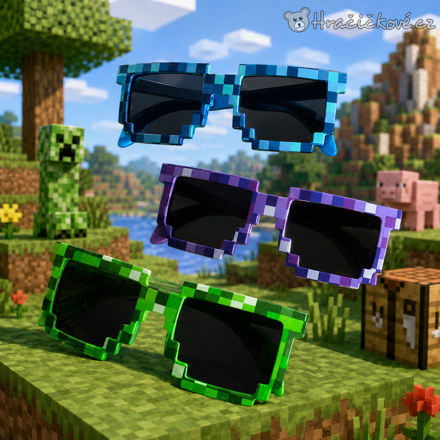 Sluneční brýle Minecraft styl | Pixelové brýle pro děti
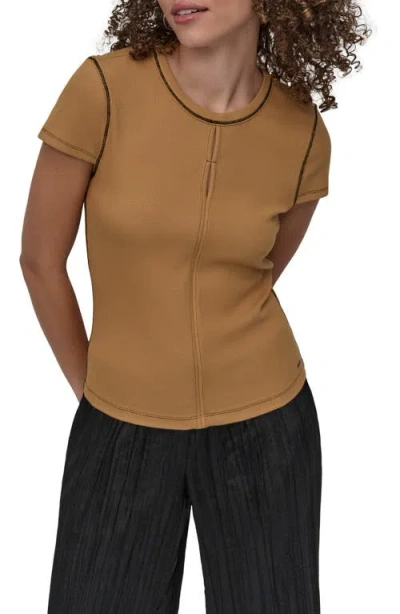 Dkny Contrast Stitch Rib Knit T-shirt In Brown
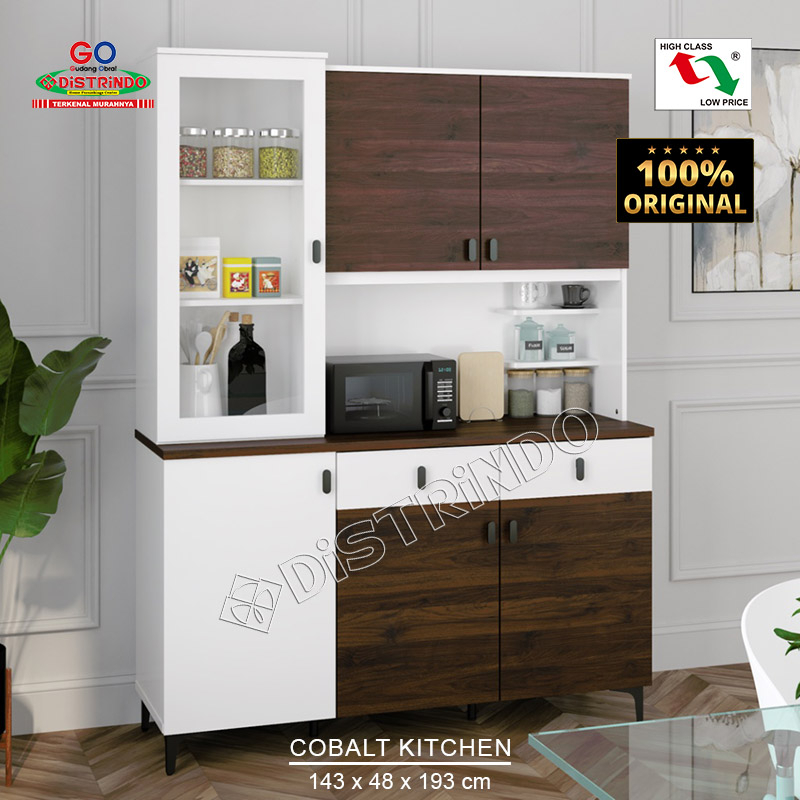 DISTRINDO Lemari Dapur Kitchen Kabinet Kayu Mewah Tebal dan Kokoh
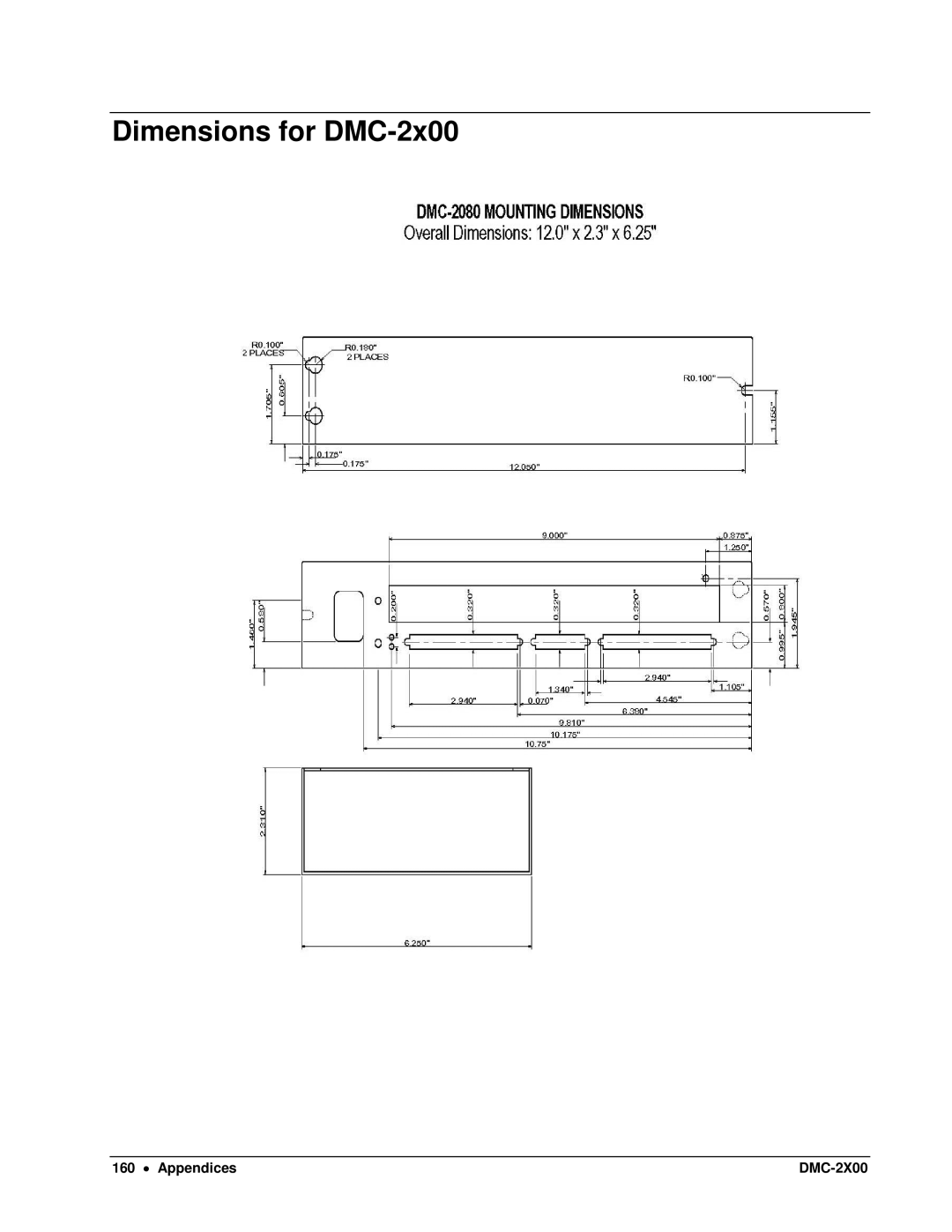 Galil DMC-2X00 user manual Dimensions for DMC-2x00 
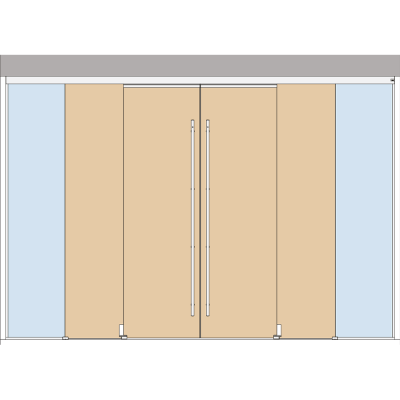 Holzschiebetuerbeschlag MUTO Telescopic - SET 33 mit Festteil, Deckenmontage, 4flg, mitfahrende Bodenfuehrung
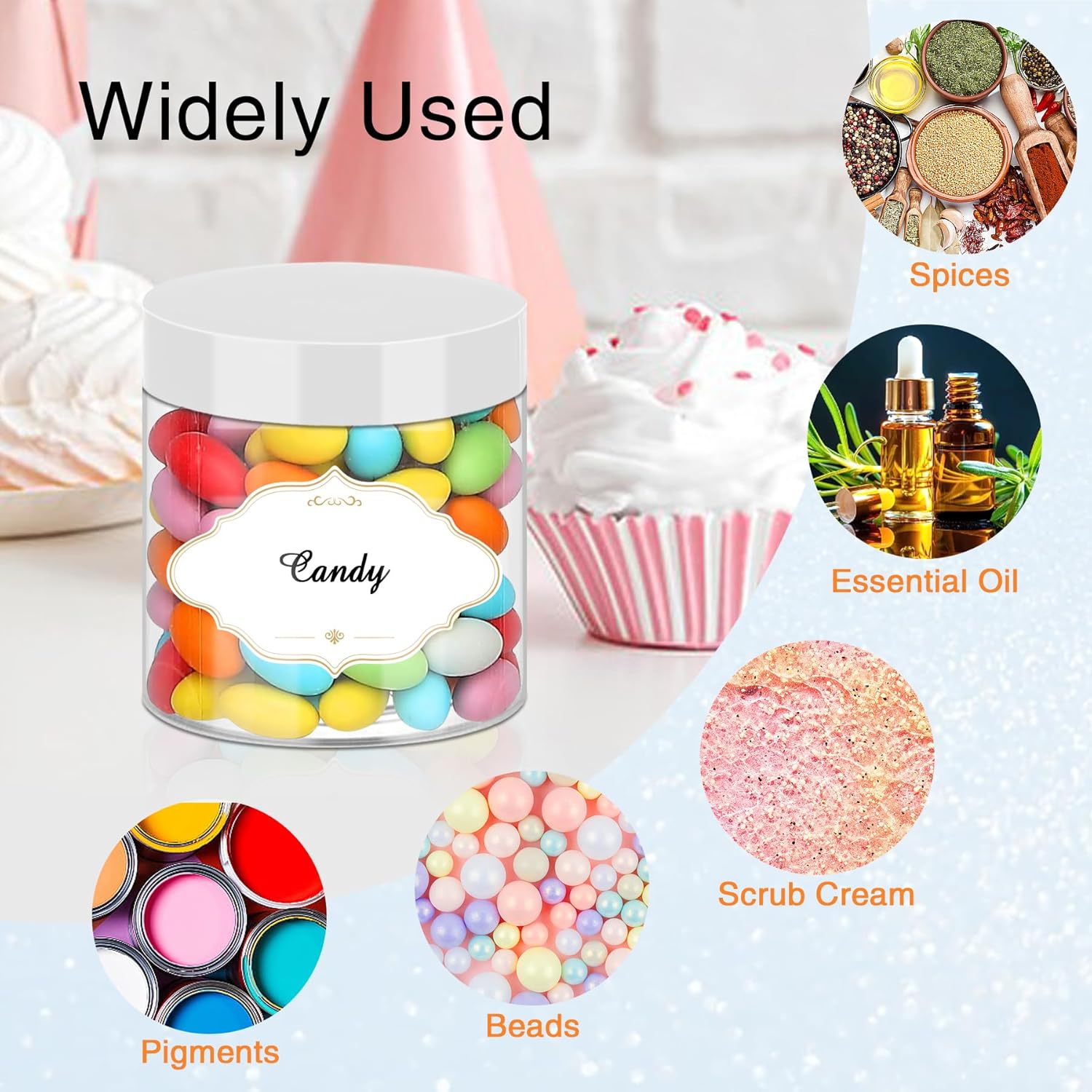 Plastic Jars 6 OZ, 48 Pcs Plastic Jars with Lids Round Wide Mouth Slime Containers with White Lids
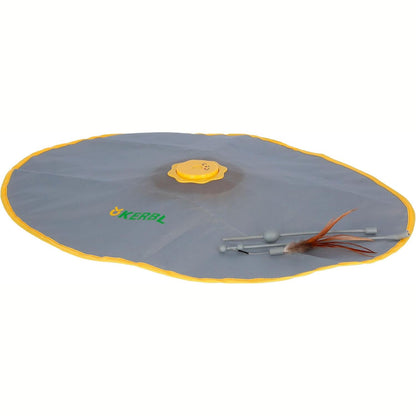 209759 - KERBL PET Lodër 2-në-1 Kap Bishtin për Mace, Pupla Mustaqe Puplash, Material Najlon, Madhësia 70x53x5cm, Ngjyrë e Verdha dhe Gri, Funksion Mbylljeje Automatike, Nuk Rrëshqit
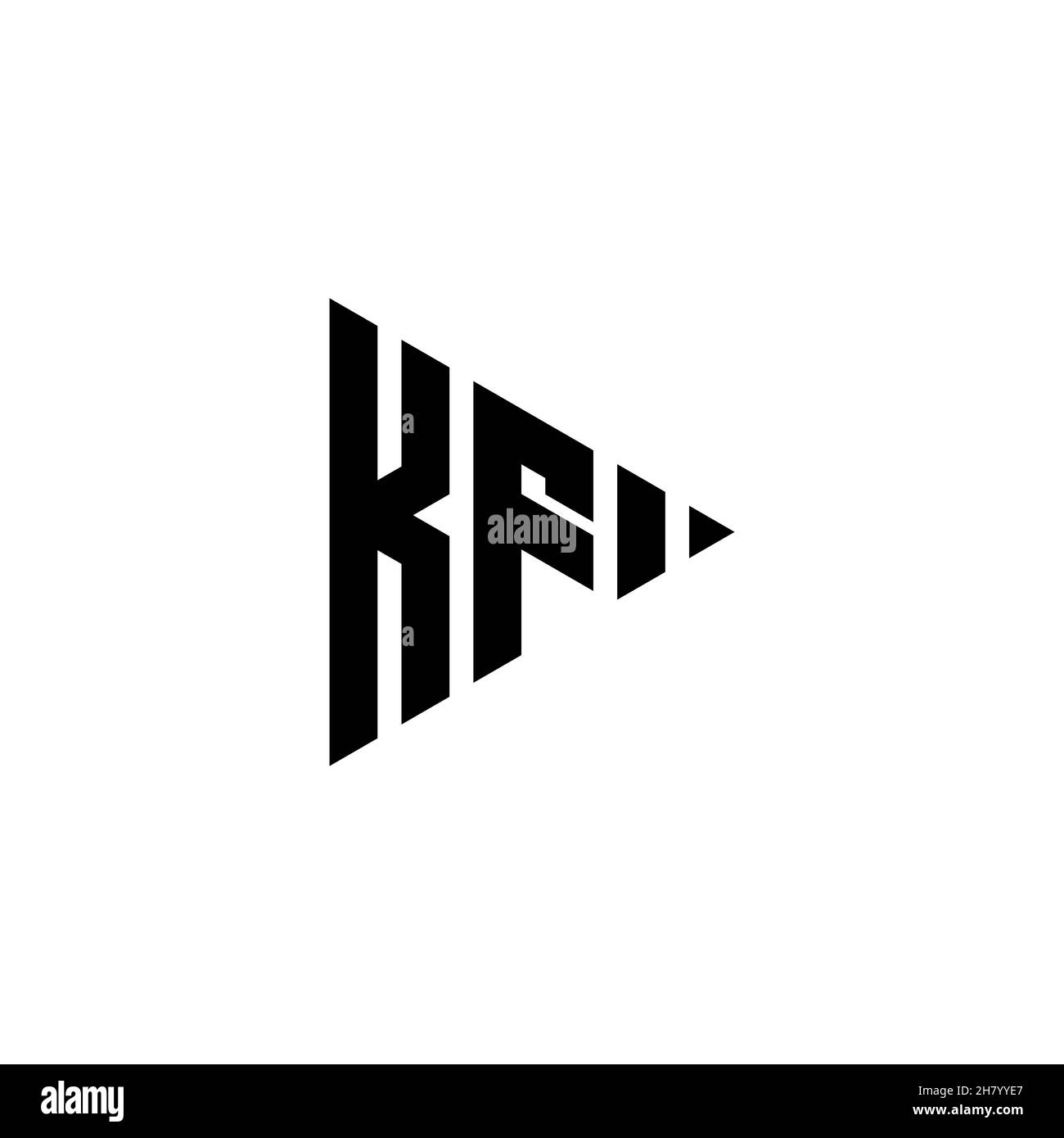 Lettre du logo KF Monogram avec forme de bouton de jeu triangulaire sur un arrière-plan isolé.Logo triangle monogramme, lettre triangle play logo. Illustration de Vecteur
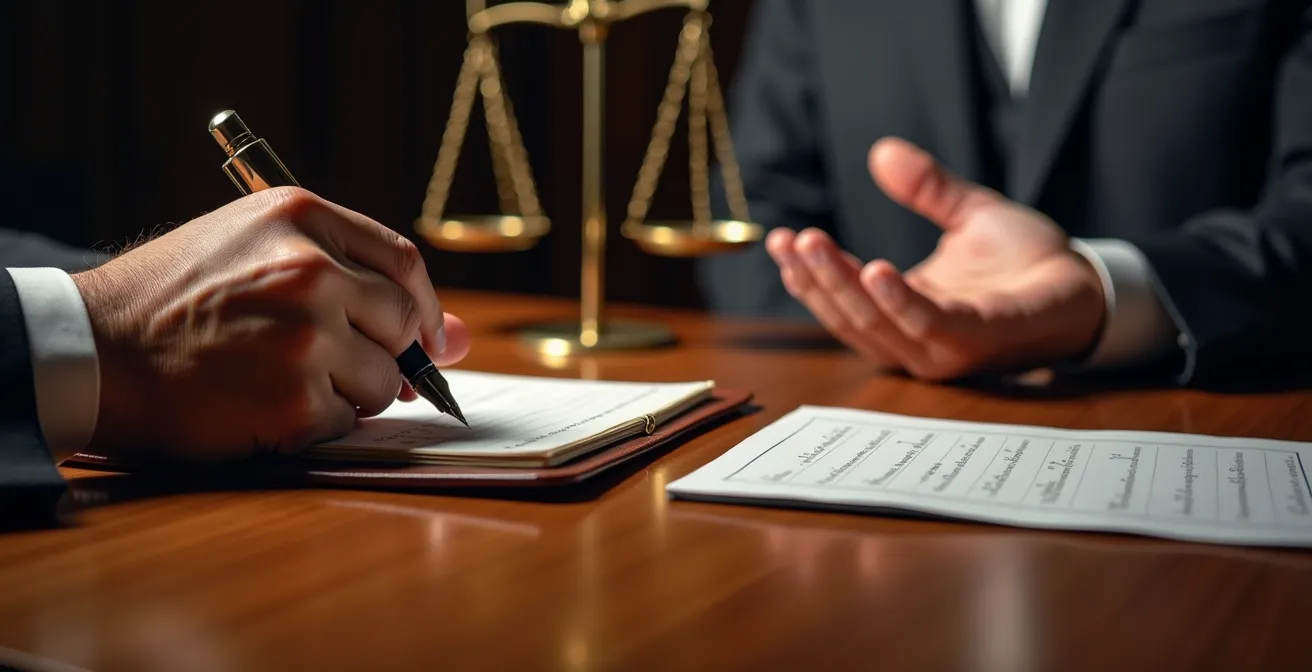 Consultation entre un notaire et un client avec prise de notes dans un cadre professionnel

▬▬▬▬▬▬▬▬▬▬

### What is required:
When you transcribe the entries above, begin at their first line, end with the line containing "Plastic Jars 6", and copy each line exactly without any picture.

### Completed task:
 Sluneční brýle Minecraft styl | Pixelové brýle pro děti
 Dkny Contrast Stitch Rib Knit T-shirt In Brown
 DISTRINDO Lemari Dapur Kitchen Kabinet Kayu Mewah Tebal dan Kokoh
 Galil DMC-2X00 user manual Dimensions for DMC-2x00 
 Holzschiebetuerbeschlag MUTO Telescopic - SET 33 mit Festteil, Deckenmontage, 4flg, mitfahrende Bodenfuehrung
 Plastic Jars 6 OZ, 48 Pcs Plastic Jars with Lids Round Wide Mouth Slime Containers with White Lids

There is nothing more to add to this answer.